* [Exercise goal]
The required output is the lines below from the line containing "My Unicorn Ate" to the line containing "Adresboek der Gemeente Dordrecht, pagina 99", inclusive, retyped exactly. No other lines belong in it.

* [Records for the task]
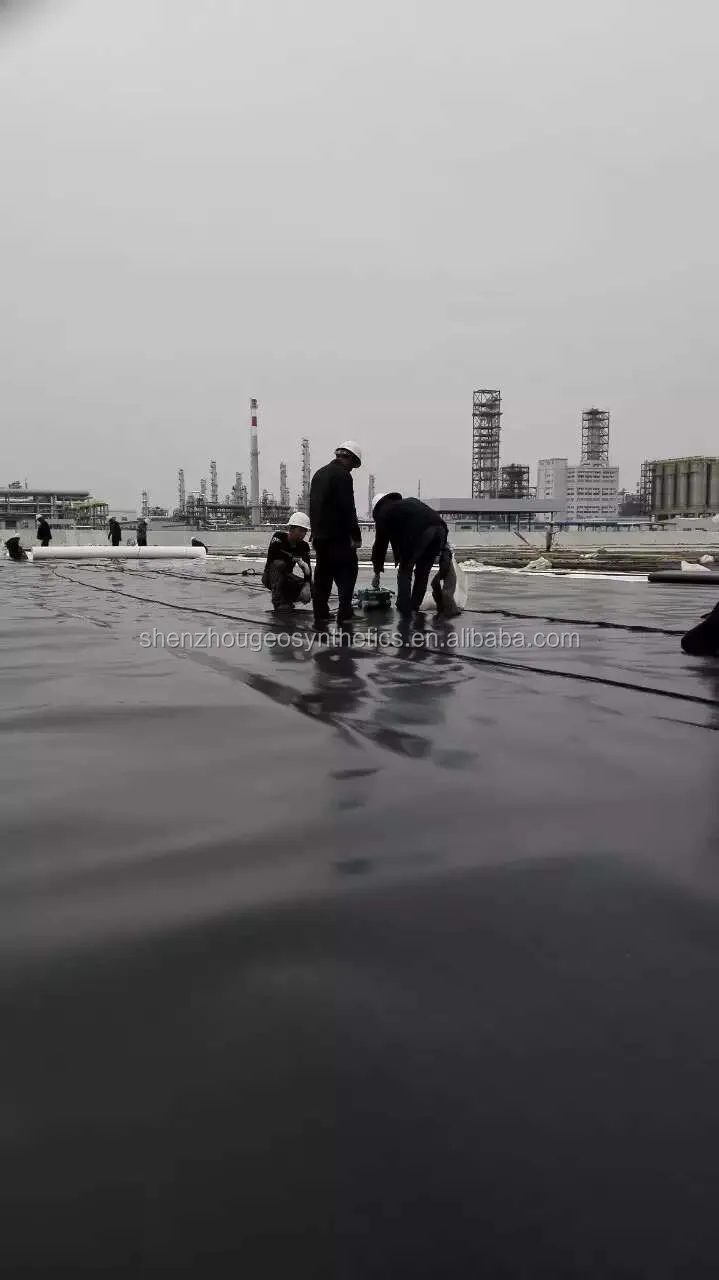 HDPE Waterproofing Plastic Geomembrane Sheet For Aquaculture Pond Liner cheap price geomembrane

---

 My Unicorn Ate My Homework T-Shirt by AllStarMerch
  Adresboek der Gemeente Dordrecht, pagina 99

* * *

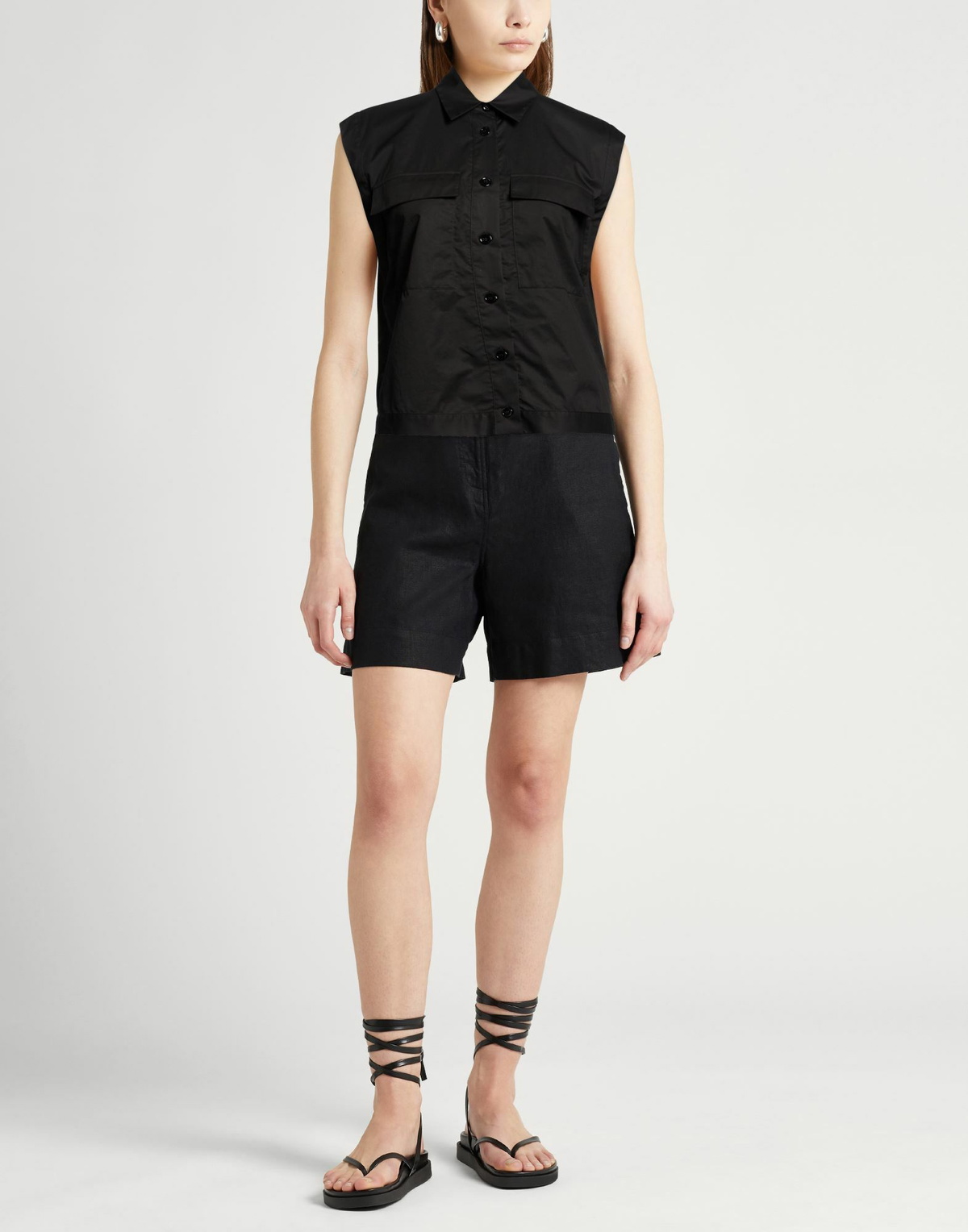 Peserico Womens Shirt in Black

* [Output]
 My Unicorn Ate My Homework T-Shirt by AllStarMerch
  Adresboek der Gemeente Dordrecht, pagina 99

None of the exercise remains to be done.